Refuser de travailler pour des organismes avec lesquels je ne partage pas les mêmes objectifs. Cela se fait au détriment de mon évolution professionnelle, de mon salaire ou des primes que j’aurai pu obtenir. Mais je suis en paix avec moi-même et mes valeurs.

Quel(s) conseil(s) donneriez-vous à une femme qui souhaiterait créer son entreprise ?

De bien anticiper la question de l’articulation des temps ! La création d’entreprise exige un long temps de préparation en amont et une grande disponibilité dans la phase de développement.

Mais, les femmes sont encore à 80 % responsable de l’organisation familiale et des tâches domestiques. Comment réussir à mener de front le développement de son activité alors que de nombreuses tâches personnelles devront être accomplies en même temps ?

L’articulation entre les temps consacré au travail, à la famille, aux besoins physiologiques n’est pas aisée. Et cela peut être à l’origine de l’abandon du projet. C’est le cas notamment pour les femmes à la tête d’une famille monoparentale (soit 30 % des créatrices).

Il faut prendre conscience de ça et travailler sur les différents temps de vie en amont et pendant la création. C’est pour moi une condition indispensable à la réussite des projets de création mais aussi post-création.

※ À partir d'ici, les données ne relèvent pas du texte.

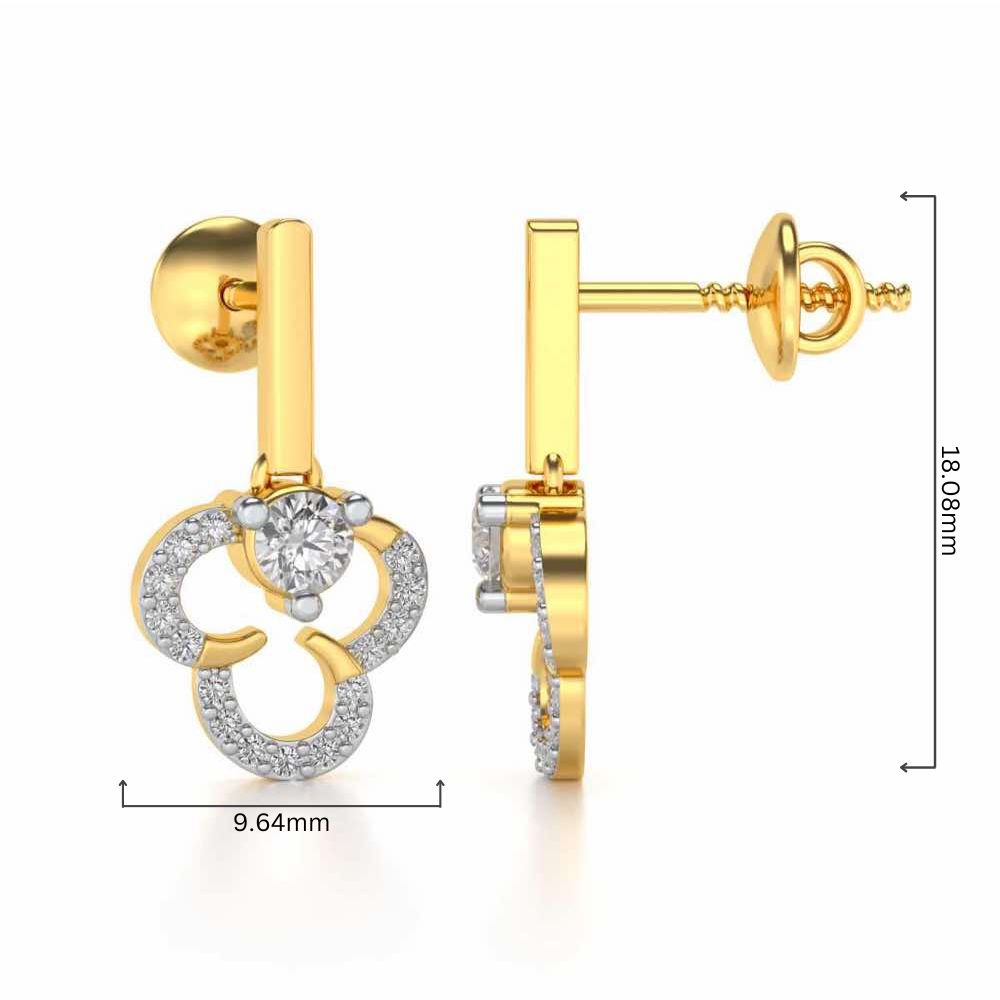 Inverted Flower Earring Drops - Yellow Gold - Image 4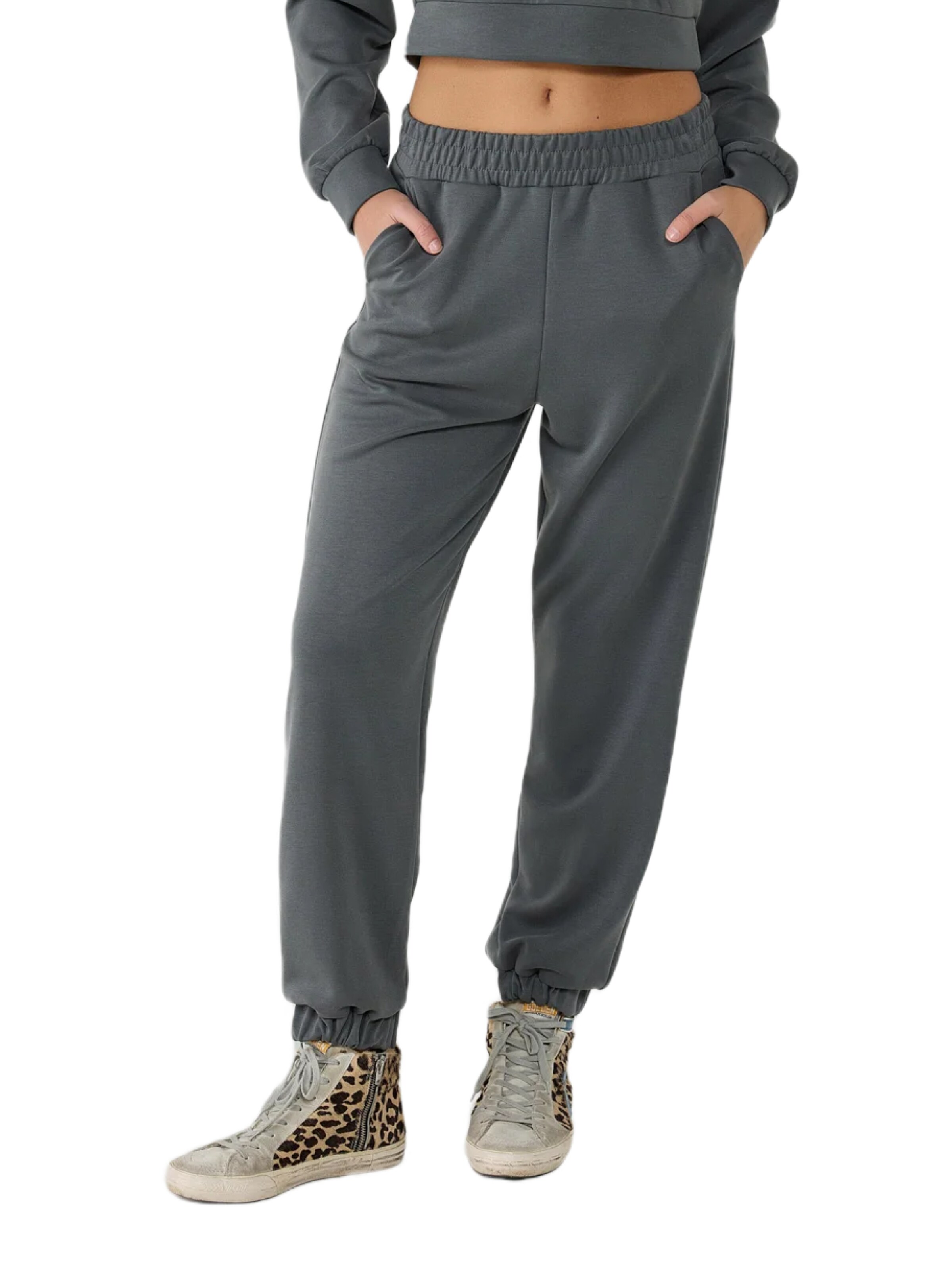 No Matter What Tapered Pants in Grey: front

Quels conseils donneriez-vous à une femme qui souhaite être épanouie dans sa vie professionnelle ?

L’épanouissement est une chose très personnelle. Au moment de réfléchir à son projet professionnel, il est important de prendre le temps de se poser quelques instants. Il faut réfléchir aux conditions de travail que l’on souhaite trouver dans un emploi. Il faut aussi penser à celles qu’on ne veut plus du tout rencontrer.
Et puis, comme pour un projet de création d’entreprise, il ne faut pas oublier la question de l’articulation vie professionnelle et vie personnelle. Notamment, à la répartition des tâches au sein du couple. Ce n’est pas toujours facile de trouver le bon équilibre entre le travail et la famille. Quand cela ne va pas bien dans un domaine, cela se ressent dans l’autre. Alors avant de foncer tête baissée dans une reconversion, il faut se pencher sur cette question de qui fait quoi à la maison. Il faut penser à l’impact que cela peut avoir sur une nouvelle organisation par rapport à un emploi. Cela permet d’éviter des situations de mal-être professionnel ou personnel.